Don't look at me, I didn't promise any prizes  :Laughing: . 

But since Yandy made a promise, I would hate to disappoint the winners. Let's compromise. I will put up another puzzle and the first 3 persons to get the answers correct will receive either Taiwan or Weeping Mosses from me. It's your choice and I'll try and send more than just 2 fronds. But this time, please send your answers to me through private message or email. This is to prevent "copying" of answers  :Laughing: . The contest is over the moment I receive 3 correct answers. 

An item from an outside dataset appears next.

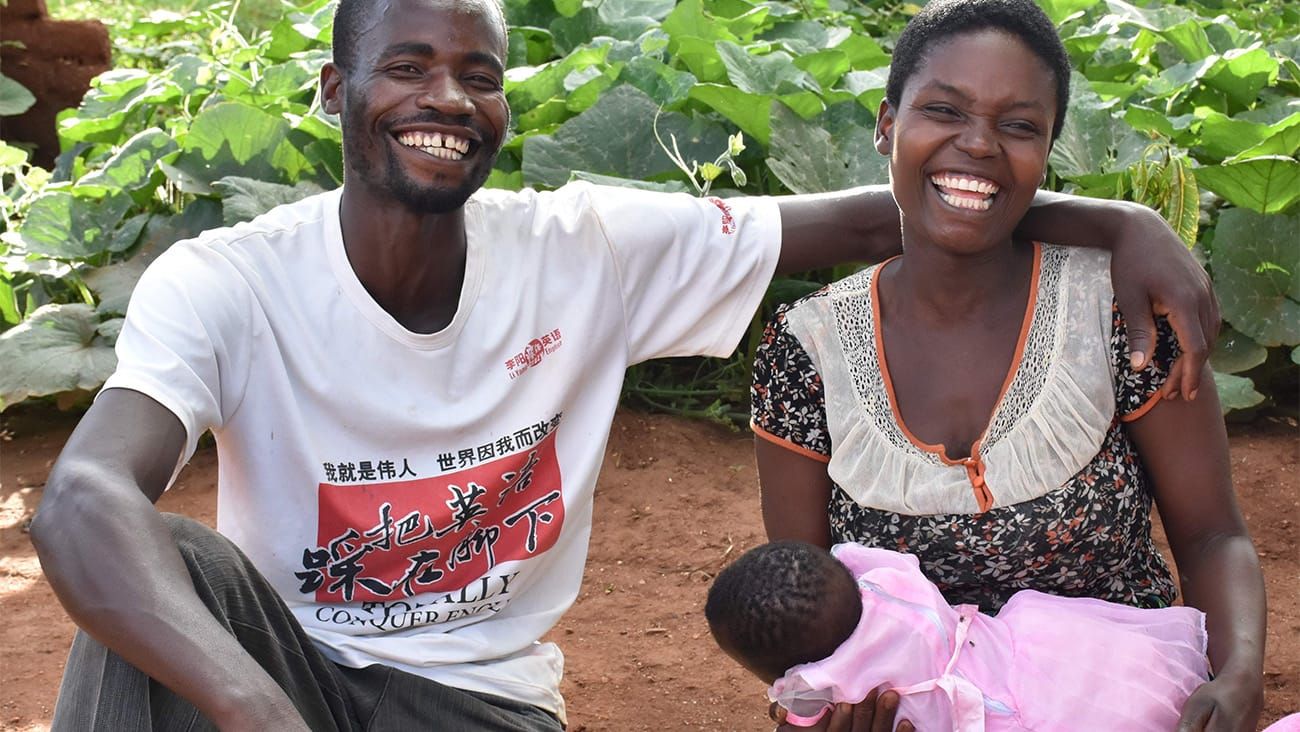 a man, woman and child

Here's the puzzle. Identify, from left to right, which is which:



Loh K L

----------


## timebomb

By the way, if you haven't noticed, I've removed the earlier close-up pictures of the mosses from this thread. This is so you can't solve the puzzle by comparing the mosses in the above picture with those earlier ones. I can't do anything about it if you have saved them to your computer though. 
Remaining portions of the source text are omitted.